Upon reaching the basement, he saw the second game was about to begin. He shook all the other thoughts from his head and sat in his easy chair, his new six pack of beer on the floor beside him.

As the game went on, Stanley consumed beer after beer. He shouted at the television, jumped up from his seat and even applauded a home run. He found himself wondering what it would be like to be a bachelor again, watching games anytime he felt like it.

Before he knew it, Stanley was down to his last beer. The empty bottles sat on the floor beside the cardboard box he’d once carried them in.

Upstairs, Stanley heard a banging sound and figured it was about time for his wife and son to return home.

“Fun time’s over,” he said to himself. He stood to head up the stairs and realized the beer had more of an effect on him than he had thought.

Stanley made his way up the stairs slowly. He braced himself against the walls of the stairway. He didn’t even notice the leaves and vine-like stalks that grew along the ceiling above him. On his way through the kitchen, he watched his feet carefully and upon entering the living room was surprised to see nobody there.

A glance out the front window confirmed his wife’s car wasn’t parked out front yet. Stanley began wondering if he was going crazy. He would have sworn that he had heard something upstairs.

Stanley’s thoughts turned to the final beer he had downstairs. Without the ball and chain home yet, he had time to finish that last brew, he thought. Besides, he was sure to catch hell for being half in the bag in front of the kid, might as well live it up while he could.

When he turned to head back to his easy chair in the basement, he tripped over something.
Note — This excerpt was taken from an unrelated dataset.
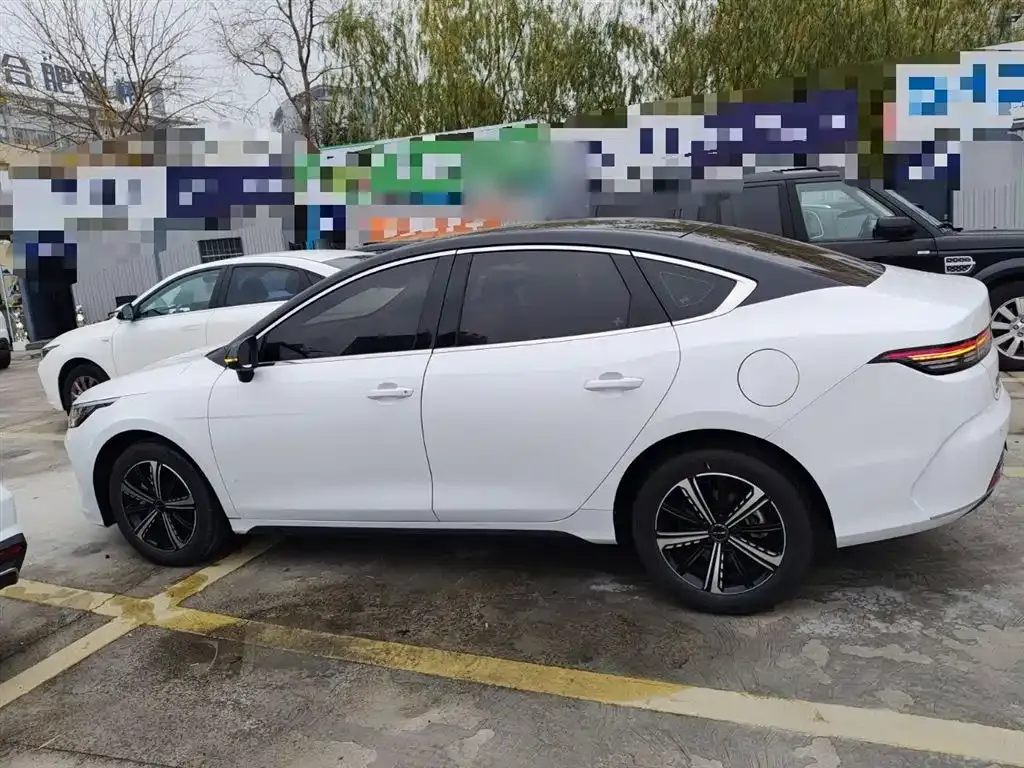 BYD Destroyer 05 — фото 10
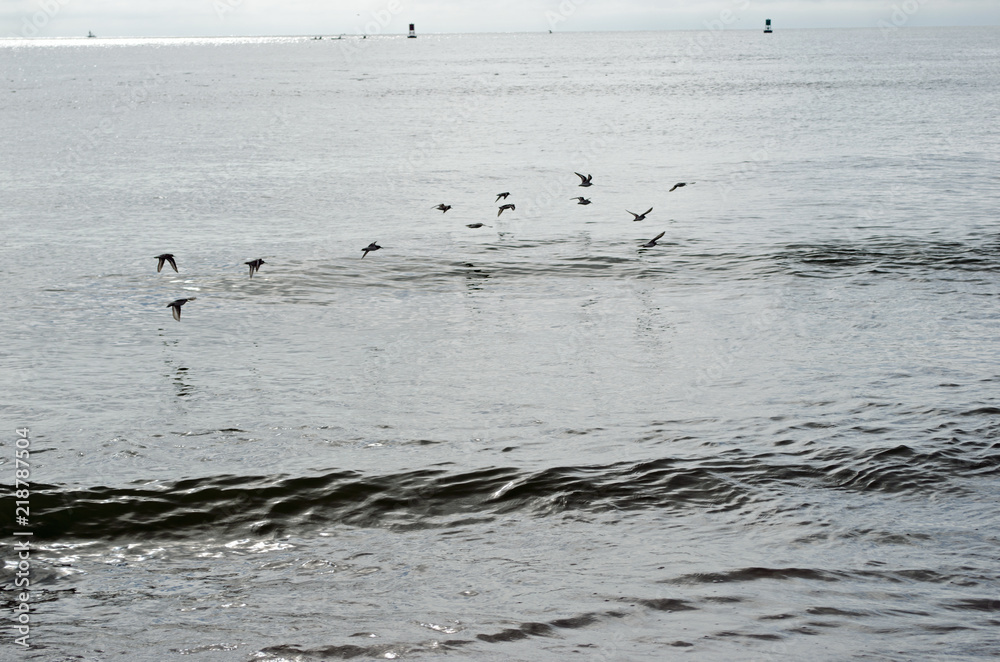 Birds flying at sea beach. Water, sand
Stanley fell flat on his face. He saw stars and his vision grew fuzzy. As he rolled onto his back, he realized it felt as if there was something wrapped around his ankle. He picked his leg up to look and saw something that looked like a green rope around it.

Suddenly, Stanley felt his arms pulled to his sides. It looked through the haze in his eyes like the green rope was now around his body as well. He also felt his breathing become more difficult.

The last thing Stanley saw was what he thought to be a thick, green leaf cover his face. Then, everything went black.